Records for this exercise »
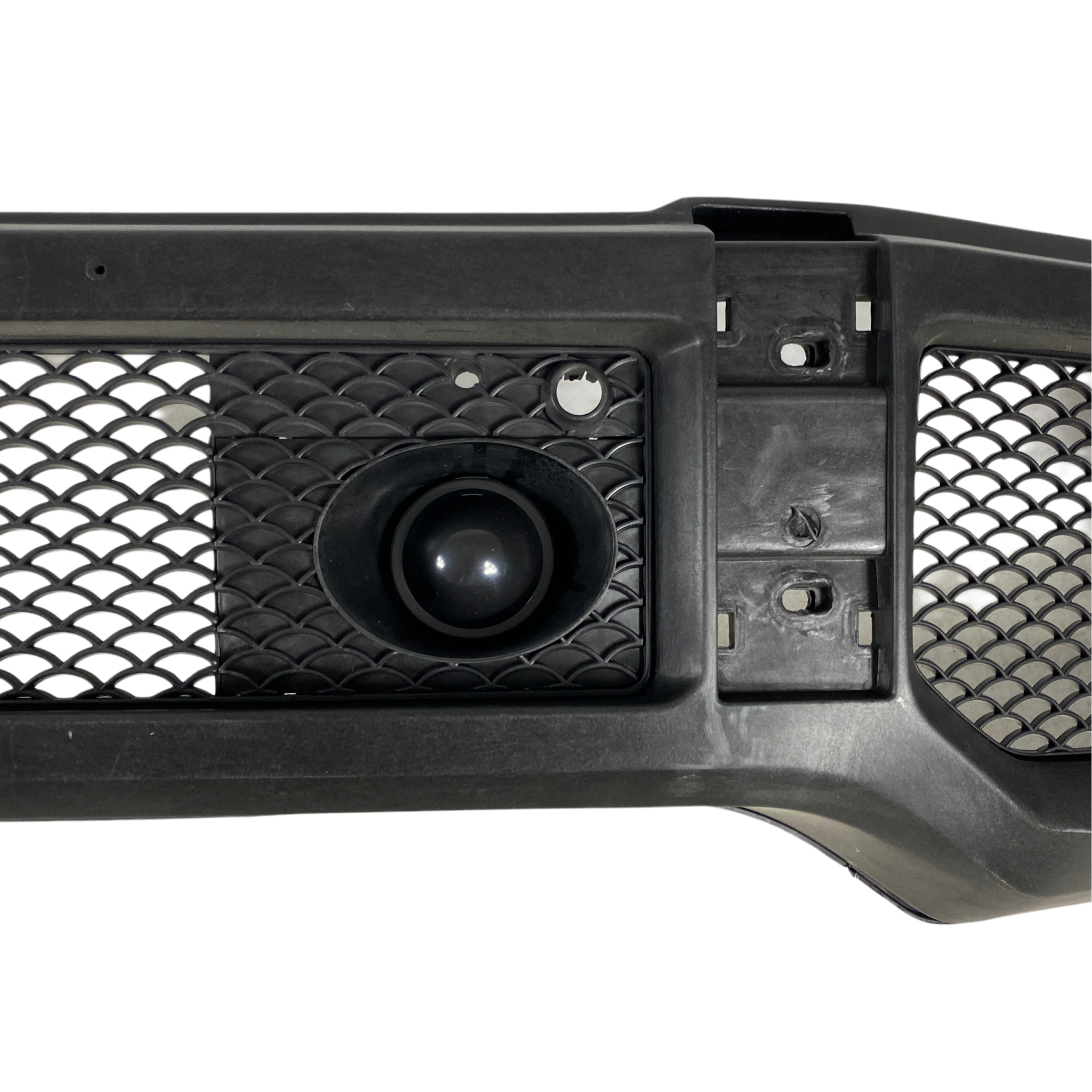 Προφυλακτήρας εμπρός Mercedes G-class W463 (1989-2010) - AMG G65 look με distronic - € 570,9 Προφυλακτήρας εμπρός Mercedes G-class W463 (1989-2010) - AMG G65 look με distronic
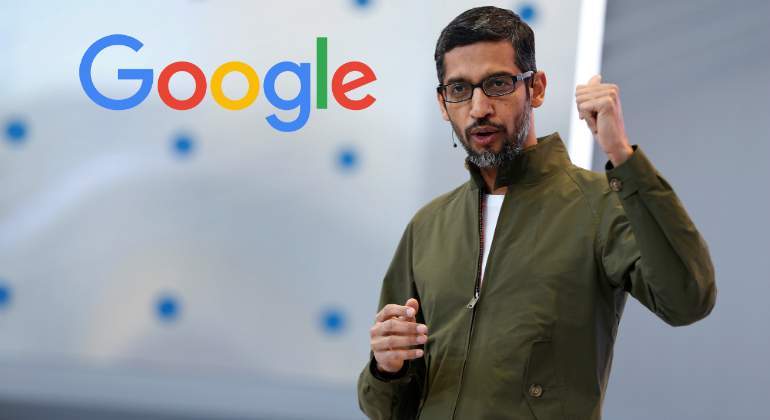 sundar-pichai-google.jpg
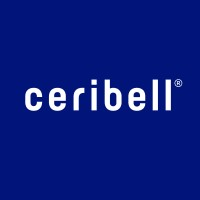 Ceribell │ AI-Powered Point-of-Care EEG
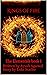 Rings of Fire: The Elementa...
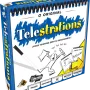 Telestrations - Galápagos Jogos
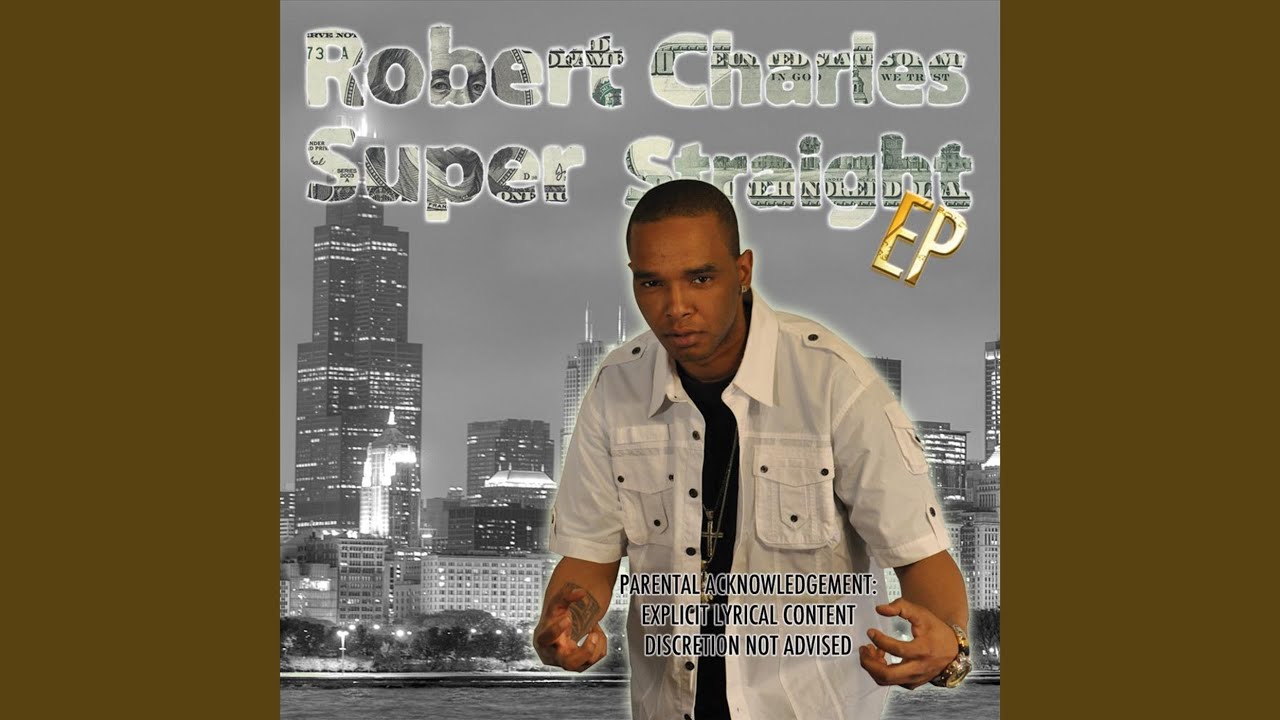 Watch Super Straight on YouTube Watch Super Straight on YouTube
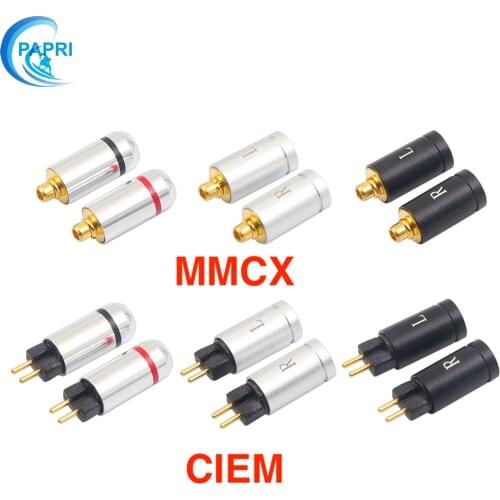 Headphone Accessories Papri China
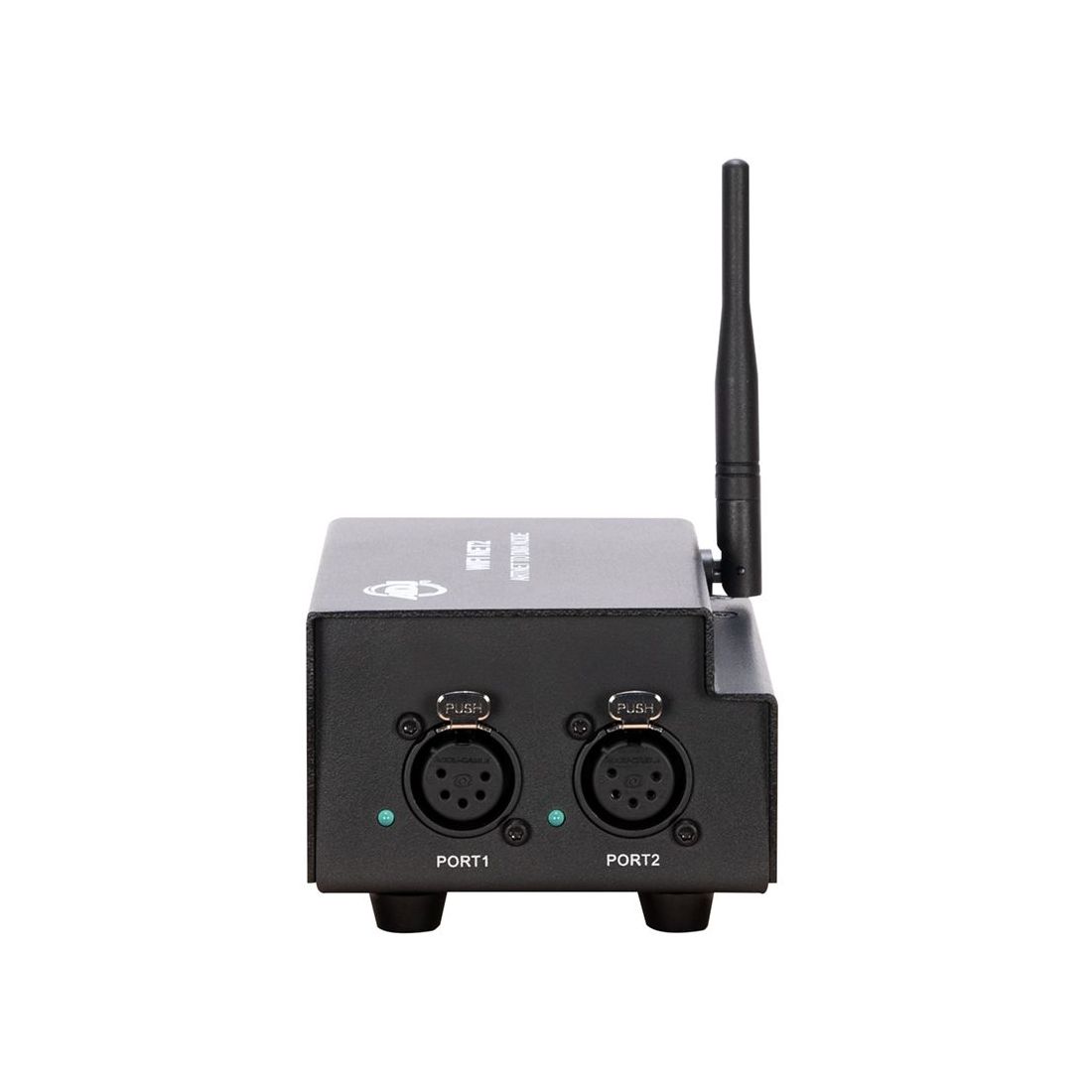 Wifi Net 2 - Pure Minds for Lighting Equipment & Requisites Trading Co.LLC
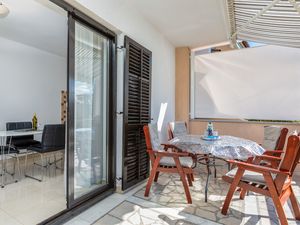Ferienwohnung für 4 Personen (44 m²) in Fažana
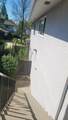 4720 Greenholme Drive - Photo 23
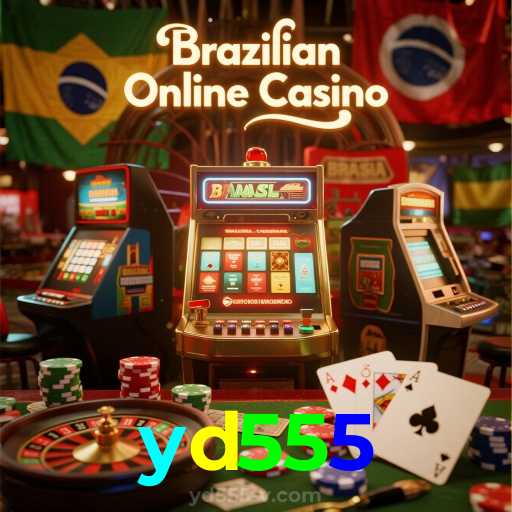 yd555：Jogue futebol online e faça gols de prêmios incríveis!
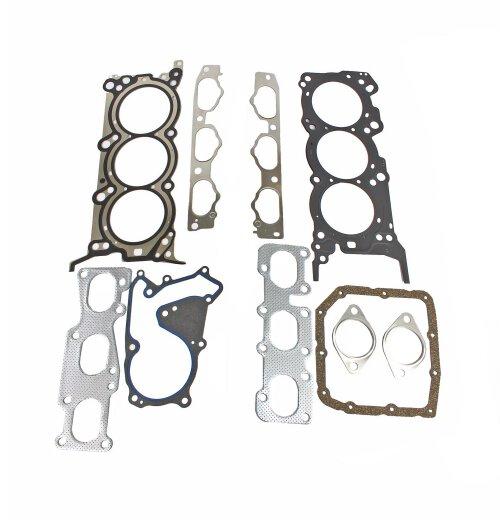 Engine Gasket Set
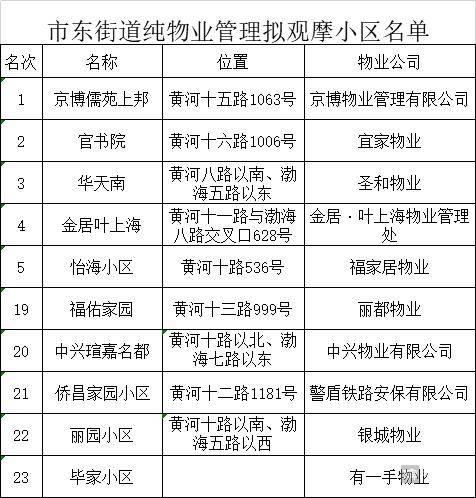 公司测名打分吉凶（三藏公司测名打分吉凶） - 今题网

Task requirements »
Could the material above be written out again word for word, with the pictures dropped?

Answer below »
 Προφυλακτήρας εμπρός Mercedes G-class W463 (1989-2010) - AMG G65 look με distronic - € 570,9 Προφυλακτήρας εμπρός Mercedes G-class W463 (1989-2010) - AMG G65 look με distronic
 sundar-pichai-google.jpg
 Ceribell │ AI-Powered Point-of-Care EEG
 Rings of Fire: The Elementa...
 Telestrations - Galápagos Jogos
 Watch Super Straight on YouTube Watch Super Straight on YouTube
 Headphone Accessories Papri China
 Wifi Net 2 - Pure Minds for Lighting Equipment & Requisites Trading Co.LLC
Ferienwohnung für 4 Personen (44 m²) in Fažana
 4720 Greenholme Drive - Photo 23
 yd555：Jogue futebol online e faça gols de prêmios incríveis!
 Engine Gasket Set
 公司测名打分吉凶（三藏公司测名打分吉凶） - 今题网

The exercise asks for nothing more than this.